Já passava das oito da noite quando Luis Sandes se dirigiu à casa de Amazilo, o velho carteiro.
Convite feito e logo aceito sem pestanejar.
Para Amazilo seria melhor sair logo à noite de carro do que enfrentar a distancia de burro ou de uma possível carona. Melhor acompanhar o cortejo, pensou ele.
Um hábito muito presente no Amazilo era o de tomar uma proncha. Isso mesmo, gostava de beber uma boa cachaça, misturada com uma vereda. Sem ela como companheira, Amazilo não enfrentaria com tamanho sacrifício os desafios da viagem.
O carteiro apanhou a correspondência no prédio dos Correios e, logo após, rumaram para o Alto Parnaíba Luis Sandes, Amazilo, a viúva chorosa e o defunto.
A estrada vicinal era muito ruim.
Viajando noite adentro, motor do jeep roncando, Amazilo bebendo e falando, viúva chorando e Luis Sandes dirigindo, ouvia tudo e, de vez em quando, também tomava uma. dose.
Lá pelas tantas, incomodados pelos murmúrios da viúva, Amazilo, sentado no banco ao lado do condutor, virou-se para trás e convenceu a pobre mulher a tomar um gole da “maranhense” a fim de se acalmar.
A viuvinha sentiu-se bem melhor com a sensação que a vereda lhe proporcionara. Até começou a interferir na conversa entre Luis Sandes e Amazilo.
Por volta das duas hora da manhã chegaram a Brejo da Porta, hoje Tasso Fragoso.
Encontraram a cidadezinha às escuras, como era de costume no velho Maranhão largado às traças, muito embora o seu povo seja apaixonado pelo Sarney.
Pararam no posto de abastecimento e borracharia da cidade. O único, por sinal.
Luis Sandes faria uma inspeção no veículo antes de continuar.
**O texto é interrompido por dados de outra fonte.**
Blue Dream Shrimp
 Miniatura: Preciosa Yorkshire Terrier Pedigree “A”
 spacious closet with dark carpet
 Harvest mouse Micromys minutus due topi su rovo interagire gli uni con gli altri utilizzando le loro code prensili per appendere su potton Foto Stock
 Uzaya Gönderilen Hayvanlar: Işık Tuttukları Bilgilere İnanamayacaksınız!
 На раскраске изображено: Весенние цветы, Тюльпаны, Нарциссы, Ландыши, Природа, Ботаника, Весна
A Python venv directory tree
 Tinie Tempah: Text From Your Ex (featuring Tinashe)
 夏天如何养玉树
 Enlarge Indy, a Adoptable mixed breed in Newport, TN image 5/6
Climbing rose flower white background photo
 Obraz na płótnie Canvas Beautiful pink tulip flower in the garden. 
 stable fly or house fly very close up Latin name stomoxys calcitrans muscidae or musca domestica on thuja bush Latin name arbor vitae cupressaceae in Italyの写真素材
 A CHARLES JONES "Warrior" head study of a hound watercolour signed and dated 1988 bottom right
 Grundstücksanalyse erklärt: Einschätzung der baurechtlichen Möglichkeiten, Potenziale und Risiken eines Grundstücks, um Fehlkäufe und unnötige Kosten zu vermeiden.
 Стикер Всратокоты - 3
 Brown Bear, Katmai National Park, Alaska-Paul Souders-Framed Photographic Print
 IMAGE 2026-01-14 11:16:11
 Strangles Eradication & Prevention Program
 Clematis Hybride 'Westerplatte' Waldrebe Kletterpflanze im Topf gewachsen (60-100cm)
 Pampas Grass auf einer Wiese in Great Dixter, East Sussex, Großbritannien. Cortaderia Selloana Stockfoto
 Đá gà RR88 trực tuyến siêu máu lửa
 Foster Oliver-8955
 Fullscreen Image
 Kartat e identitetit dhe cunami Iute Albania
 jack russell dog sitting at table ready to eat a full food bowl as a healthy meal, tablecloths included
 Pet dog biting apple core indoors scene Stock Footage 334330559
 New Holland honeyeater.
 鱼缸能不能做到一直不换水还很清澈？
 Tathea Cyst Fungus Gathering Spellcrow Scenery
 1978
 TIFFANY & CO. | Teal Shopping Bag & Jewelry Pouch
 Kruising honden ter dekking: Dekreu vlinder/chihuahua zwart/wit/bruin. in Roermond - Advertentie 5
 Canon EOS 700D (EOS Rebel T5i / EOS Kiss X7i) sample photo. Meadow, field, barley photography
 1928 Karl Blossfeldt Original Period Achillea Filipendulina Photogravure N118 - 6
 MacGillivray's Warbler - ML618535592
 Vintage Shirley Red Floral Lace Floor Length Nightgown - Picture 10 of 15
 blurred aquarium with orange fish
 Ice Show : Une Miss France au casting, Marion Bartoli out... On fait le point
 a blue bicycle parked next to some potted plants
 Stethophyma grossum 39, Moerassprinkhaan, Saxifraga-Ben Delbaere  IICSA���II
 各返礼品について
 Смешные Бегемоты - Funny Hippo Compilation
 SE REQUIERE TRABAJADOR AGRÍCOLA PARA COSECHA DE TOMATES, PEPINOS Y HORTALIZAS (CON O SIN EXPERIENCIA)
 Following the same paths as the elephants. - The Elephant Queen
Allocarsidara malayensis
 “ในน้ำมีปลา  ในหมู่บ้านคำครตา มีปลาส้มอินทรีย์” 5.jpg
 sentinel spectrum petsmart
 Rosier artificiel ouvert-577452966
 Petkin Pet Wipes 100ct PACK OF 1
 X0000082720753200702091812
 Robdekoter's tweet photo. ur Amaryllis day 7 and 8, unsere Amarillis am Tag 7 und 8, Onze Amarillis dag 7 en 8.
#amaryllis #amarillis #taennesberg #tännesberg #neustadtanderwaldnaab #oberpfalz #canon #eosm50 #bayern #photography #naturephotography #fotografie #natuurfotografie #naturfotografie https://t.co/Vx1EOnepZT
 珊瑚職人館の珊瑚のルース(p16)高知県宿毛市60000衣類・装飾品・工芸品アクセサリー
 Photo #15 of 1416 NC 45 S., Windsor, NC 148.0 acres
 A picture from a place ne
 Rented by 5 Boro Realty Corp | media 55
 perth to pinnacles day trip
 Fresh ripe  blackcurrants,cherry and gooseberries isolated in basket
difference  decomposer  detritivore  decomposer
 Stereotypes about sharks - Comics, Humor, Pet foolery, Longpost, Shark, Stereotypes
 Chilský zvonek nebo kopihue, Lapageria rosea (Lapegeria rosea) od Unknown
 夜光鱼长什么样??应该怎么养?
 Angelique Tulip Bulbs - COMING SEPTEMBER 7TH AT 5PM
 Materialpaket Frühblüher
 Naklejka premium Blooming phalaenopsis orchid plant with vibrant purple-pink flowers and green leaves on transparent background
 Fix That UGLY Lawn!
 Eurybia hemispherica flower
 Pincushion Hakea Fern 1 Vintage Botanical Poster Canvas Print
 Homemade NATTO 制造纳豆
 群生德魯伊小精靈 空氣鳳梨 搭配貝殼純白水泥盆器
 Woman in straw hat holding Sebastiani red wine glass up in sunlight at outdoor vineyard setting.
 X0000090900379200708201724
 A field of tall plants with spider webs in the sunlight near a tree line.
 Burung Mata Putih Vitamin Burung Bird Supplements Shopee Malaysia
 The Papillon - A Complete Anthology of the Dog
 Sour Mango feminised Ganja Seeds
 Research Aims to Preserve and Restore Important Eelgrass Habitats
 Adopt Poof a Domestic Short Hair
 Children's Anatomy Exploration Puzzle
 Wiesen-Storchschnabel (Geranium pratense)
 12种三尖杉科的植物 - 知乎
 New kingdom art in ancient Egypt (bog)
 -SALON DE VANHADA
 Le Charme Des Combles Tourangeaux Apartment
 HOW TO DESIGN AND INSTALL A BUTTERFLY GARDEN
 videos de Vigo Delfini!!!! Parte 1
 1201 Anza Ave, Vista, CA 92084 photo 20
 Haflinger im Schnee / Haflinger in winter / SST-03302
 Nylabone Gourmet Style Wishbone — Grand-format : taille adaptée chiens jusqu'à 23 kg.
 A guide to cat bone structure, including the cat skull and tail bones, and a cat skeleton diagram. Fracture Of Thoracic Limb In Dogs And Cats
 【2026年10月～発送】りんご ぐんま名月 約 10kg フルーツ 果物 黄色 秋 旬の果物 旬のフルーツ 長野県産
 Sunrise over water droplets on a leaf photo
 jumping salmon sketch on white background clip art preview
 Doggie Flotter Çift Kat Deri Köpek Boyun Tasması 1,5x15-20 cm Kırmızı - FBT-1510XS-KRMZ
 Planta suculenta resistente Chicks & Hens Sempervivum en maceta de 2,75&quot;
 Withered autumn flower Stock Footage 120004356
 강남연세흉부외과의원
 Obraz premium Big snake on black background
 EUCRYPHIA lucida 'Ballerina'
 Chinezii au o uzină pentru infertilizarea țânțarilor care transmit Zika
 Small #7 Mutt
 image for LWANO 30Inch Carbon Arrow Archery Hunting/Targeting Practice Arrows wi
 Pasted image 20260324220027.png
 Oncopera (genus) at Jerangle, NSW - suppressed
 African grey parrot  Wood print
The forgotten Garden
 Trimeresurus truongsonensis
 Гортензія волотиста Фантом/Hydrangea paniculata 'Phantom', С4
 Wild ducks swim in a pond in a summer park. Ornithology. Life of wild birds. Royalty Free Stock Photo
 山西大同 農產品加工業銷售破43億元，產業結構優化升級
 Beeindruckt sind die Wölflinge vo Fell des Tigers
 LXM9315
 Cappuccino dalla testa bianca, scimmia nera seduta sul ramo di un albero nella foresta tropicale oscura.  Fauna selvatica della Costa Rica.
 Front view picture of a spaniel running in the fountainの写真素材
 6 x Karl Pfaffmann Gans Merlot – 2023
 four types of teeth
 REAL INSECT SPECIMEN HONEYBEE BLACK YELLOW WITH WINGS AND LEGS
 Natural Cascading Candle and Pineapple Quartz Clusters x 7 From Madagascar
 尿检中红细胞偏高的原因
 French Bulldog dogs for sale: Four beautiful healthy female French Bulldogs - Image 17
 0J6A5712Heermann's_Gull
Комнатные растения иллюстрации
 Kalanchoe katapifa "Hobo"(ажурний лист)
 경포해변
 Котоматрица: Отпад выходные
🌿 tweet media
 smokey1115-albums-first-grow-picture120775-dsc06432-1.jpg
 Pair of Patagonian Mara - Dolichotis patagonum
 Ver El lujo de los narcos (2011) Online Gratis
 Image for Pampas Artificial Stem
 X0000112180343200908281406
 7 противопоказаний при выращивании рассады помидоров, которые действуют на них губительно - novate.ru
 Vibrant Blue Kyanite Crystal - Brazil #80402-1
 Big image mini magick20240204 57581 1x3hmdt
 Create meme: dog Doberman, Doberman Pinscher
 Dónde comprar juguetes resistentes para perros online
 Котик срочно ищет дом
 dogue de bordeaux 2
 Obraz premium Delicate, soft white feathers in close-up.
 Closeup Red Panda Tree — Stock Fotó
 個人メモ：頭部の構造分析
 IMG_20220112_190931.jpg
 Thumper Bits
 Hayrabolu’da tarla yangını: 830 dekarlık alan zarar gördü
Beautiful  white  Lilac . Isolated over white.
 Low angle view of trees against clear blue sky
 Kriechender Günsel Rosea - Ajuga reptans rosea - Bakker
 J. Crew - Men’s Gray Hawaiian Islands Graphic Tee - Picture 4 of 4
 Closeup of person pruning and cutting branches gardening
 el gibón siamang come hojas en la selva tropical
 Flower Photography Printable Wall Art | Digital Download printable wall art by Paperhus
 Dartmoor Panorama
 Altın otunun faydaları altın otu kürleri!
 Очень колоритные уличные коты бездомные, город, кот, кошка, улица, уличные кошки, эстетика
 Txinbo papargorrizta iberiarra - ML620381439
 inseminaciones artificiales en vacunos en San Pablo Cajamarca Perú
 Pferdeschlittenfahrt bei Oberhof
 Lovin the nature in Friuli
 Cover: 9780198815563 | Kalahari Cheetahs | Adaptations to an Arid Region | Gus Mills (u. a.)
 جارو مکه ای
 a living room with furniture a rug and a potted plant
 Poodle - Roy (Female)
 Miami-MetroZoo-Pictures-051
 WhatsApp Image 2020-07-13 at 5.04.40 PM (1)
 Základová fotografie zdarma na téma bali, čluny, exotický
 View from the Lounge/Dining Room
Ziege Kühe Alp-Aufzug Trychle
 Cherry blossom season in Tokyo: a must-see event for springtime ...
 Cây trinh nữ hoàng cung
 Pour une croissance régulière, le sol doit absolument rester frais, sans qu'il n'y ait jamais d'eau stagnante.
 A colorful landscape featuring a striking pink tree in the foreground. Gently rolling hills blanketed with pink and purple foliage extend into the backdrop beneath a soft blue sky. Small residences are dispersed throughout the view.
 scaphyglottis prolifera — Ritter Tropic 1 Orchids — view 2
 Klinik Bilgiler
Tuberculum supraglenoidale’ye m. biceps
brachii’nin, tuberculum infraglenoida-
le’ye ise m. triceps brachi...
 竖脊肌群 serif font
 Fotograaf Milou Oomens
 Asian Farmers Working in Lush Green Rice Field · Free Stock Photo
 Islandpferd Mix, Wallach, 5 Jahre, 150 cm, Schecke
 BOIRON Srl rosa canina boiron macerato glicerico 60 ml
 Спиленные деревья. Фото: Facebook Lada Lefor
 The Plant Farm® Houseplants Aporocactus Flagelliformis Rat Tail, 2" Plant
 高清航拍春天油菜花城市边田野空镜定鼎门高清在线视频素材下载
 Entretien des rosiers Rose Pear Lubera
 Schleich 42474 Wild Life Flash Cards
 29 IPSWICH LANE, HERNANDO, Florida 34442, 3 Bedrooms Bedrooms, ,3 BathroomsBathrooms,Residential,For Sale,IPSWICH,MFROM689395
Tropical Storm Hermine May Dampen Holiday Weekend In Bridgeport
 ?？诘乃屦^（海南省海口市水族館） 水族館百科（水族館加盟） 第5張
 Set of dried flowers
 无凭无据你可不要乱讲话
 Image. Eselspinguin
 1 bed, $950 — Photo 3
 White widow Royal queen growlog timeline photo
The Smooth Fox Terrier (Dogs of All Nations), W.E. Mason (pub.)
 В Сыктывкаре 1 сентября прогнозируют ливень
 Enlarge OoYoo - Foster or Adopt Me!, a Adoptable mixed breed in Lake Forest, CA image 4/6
Nessa hora chega o borracheiro e pergunta a Luis para onde estão indo. Luis logo responde que está indo até o Alto Parnaíba com a missão de levar um defunto.
O borracheiro, homem curioso, fez a volta no veículo para certificar-se da novidade. Ao reencontrar-se com Luis, pergunta:
- Cadê o defunto?
Luis Sandes respondeu:
- Tá aí na traseira do jeep.
O borracheiro continua:
- Aqui mesmo não. Já acendi a lanterna e foquei até debaixo do jeep e não vi defunto algum.
Foi um desespero só.
Espantados com a ausência de tão ilustre passageiro, lembrou-se Luís Sandes da existência de uma ladeira muito íngreme antes de chegar a Brejo da Porta, provavel local onde poderia o defunto ser encontrado.
Retornaram às pressas.
A intuição de Luis Sandes estava correta, pois encontraram no topo da ladeira o caixão já aberto e sem o corpo do defundo.
Deu um pouco de trabalho para encontrar o defunto, pois rolou ladeira abaixo após o caixão abrir-se.
Talvez teria sido o último esforço do finado na esperança de escapar daquele vexame.
Recolocado o defunto no esquife, embarcaram-no novamente no veículo.
Desta vez, porém, seguindo orientação muito lúcida do velho carteiro Amazilo, obrigaram a viúva a seguir escanchada no caixão a fim de fazer o peso necessário para firmar a nobre mercadoria e não acontecer um novo imprevisto.
Ao chegarem a Alto Parnaíba, Amazilo, o bom carteiro, por muito ter se preocupado com a situação do defunto, esqueceu-se que a carga que levara para os Correios ficara para trás, provavelmente na ladeira do Brejo da Porta.
A historia é feita por homens, mulheres, cachaça e defuntos.